The mayor added that the city's draft social media policy would be amended within two weeks to address the issue of social media posting by senior officials.
In his letter of resignation, del Pozo touted the department's work on addressing the opioid crisis and lowering violent crime. He wrote that he would "look back on my time here with intense feelings of pride and accomplishment."
According to the city's 2018 annual report, del Pozo's salary was $124,354. He'll be eligible for accrued benefits for a period of time, but city attorney Eileen Blackwood said during the press conference she wasn't sure of the extent of those benefits.
Del Pozo was hired in 2015 after spending 18 years with the New York City Police Department.
Seven Days first reported last week that del Pozo had created the anonymous Twitter account in July to target Burlington activist Charles Winkleman, and that the chief also repeatedly lied about being behind the account when Seven Days asked about it over the summer.
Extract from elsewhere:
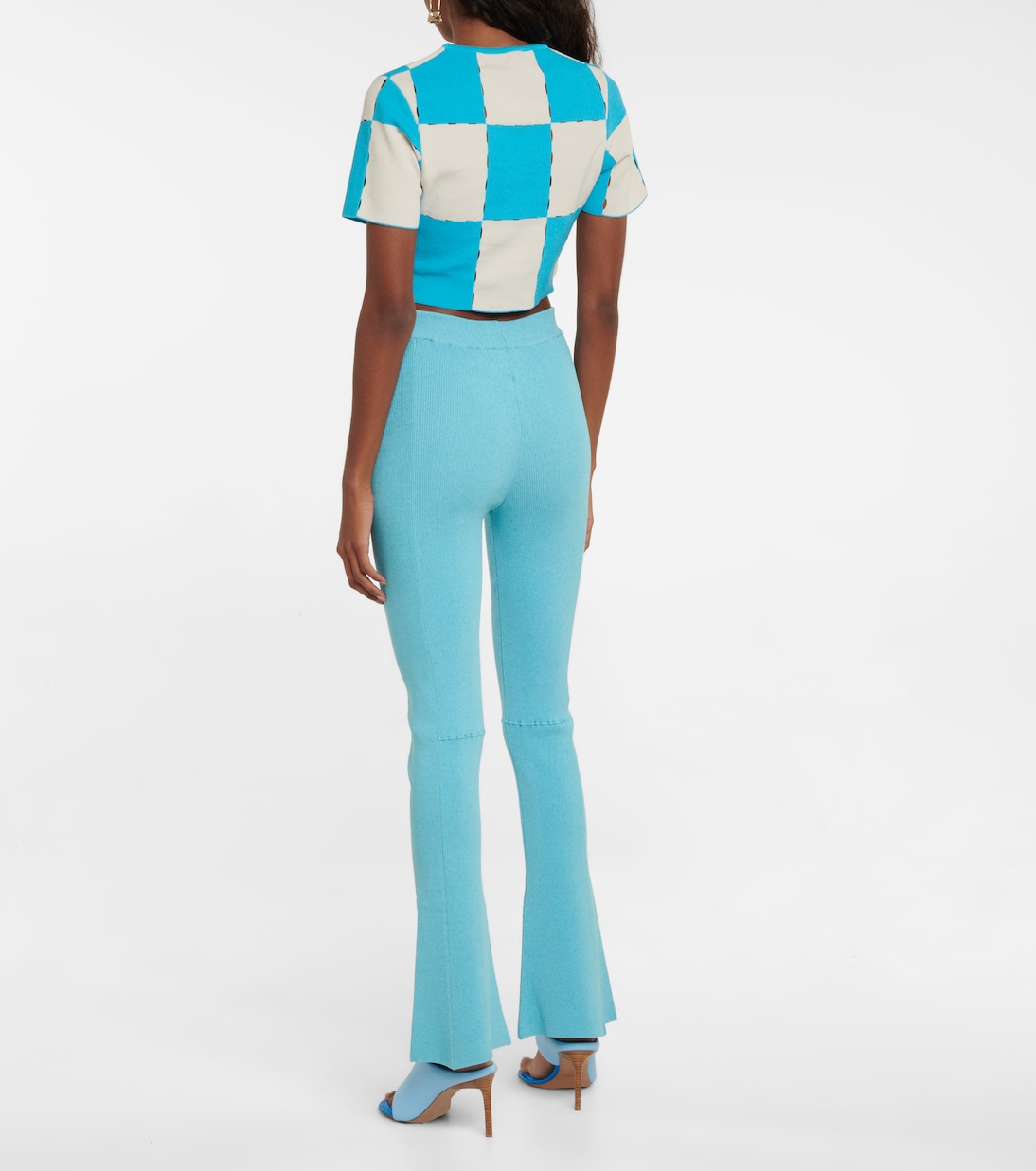 Hose Le Pantalon Baunhila aus Strick | Jacquemus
On Friday, del Pozo told reporters he wouldn't resign and that he still had support from people in the community.
"[People] saying listen, you're a hard-working chief who's done really good things for the city and you're a human being and don't resign this is not the time and it's not the reason," del Pozo said Friday night.
Del Pozo repeatedly apologized for his actions after they came to light last week.
“The tweeting was done on an impulse and it was wrong and I’m sorry, I shouldn’t have done it,” del Pozo said.
According to a police department memo, the mayor began an investigation in July after del Pozo told him about the incident. The ensuing investigation attributed del Pozo's actions to a medical condition and the chief was placed on leave for six weeks before being reinstated.
More from VPR — Burlington Police Chief Created Anonymous Social Media Account To Heckle Critic [Dec. 13]
On Friday afternoon Weinberger had released a written statement, saying that he was troubled by del Pozo's behavior but was giving him a second chance.
In that statement the mayor outlined the course of the investigation and his disciplinary rationale, before concluding by stating he would "have more to say on Monday after reviewing and reflecting on all that has been shared with me."
City councilors and the police commission were not told about the reason for del Pozo’s leave at the time. Weinberger said that since a medical condition was the underlying factor in del Pozo’s actions, the city was limited in what it could share.
Weinberger indicated the only reason he confirmed that del Pozo’s leave was related to the fake Twitter account was because Seven Days directly asked him.
“The way we chose to handle it … was again to treat the chief as we would really any other employee that we believed and had medical verification and was suffering from a medical disorder or a mental health disorder that had impacted his actions — and that meant that, yes, we were intending to continue to not answer questions that were about the medical leave and his health,” Weinberger said.
Progressive City Councilor Max Tracy said Weinberger’s decision not to keep the city council informed was a mistake. Tracy, who called on del Pozo to resign, said the mayor still hasn’t taken responsibility for how he handled the situation.
“I don’t think we can move forward unless the mayor is willing to say ‘I did this wrong, I could have handled this situation better, here’s how in the future I will be better’ — he didn’t do that,” Tracy said.
Several other city councilors attended Monday's press conference. Progressive Councilor Brian Pine said it was a “somber moment.”
“The circumstances are extremely unfortunate,” Pine said. “I think the public will also feel a certain sense of dissatisfaction around what was disclosed and when it was disclosed."
Joan Shannon, a Democrat, said she wasn’t calling for the chief to resign, though she acknowledged it was “probably the best path forward.”
“Maybe this is the best decision for him,” Shannon said. “Maybe this is a decision that allows Burlington to move forward and to continue the good work that he started and move beyond his worst day.”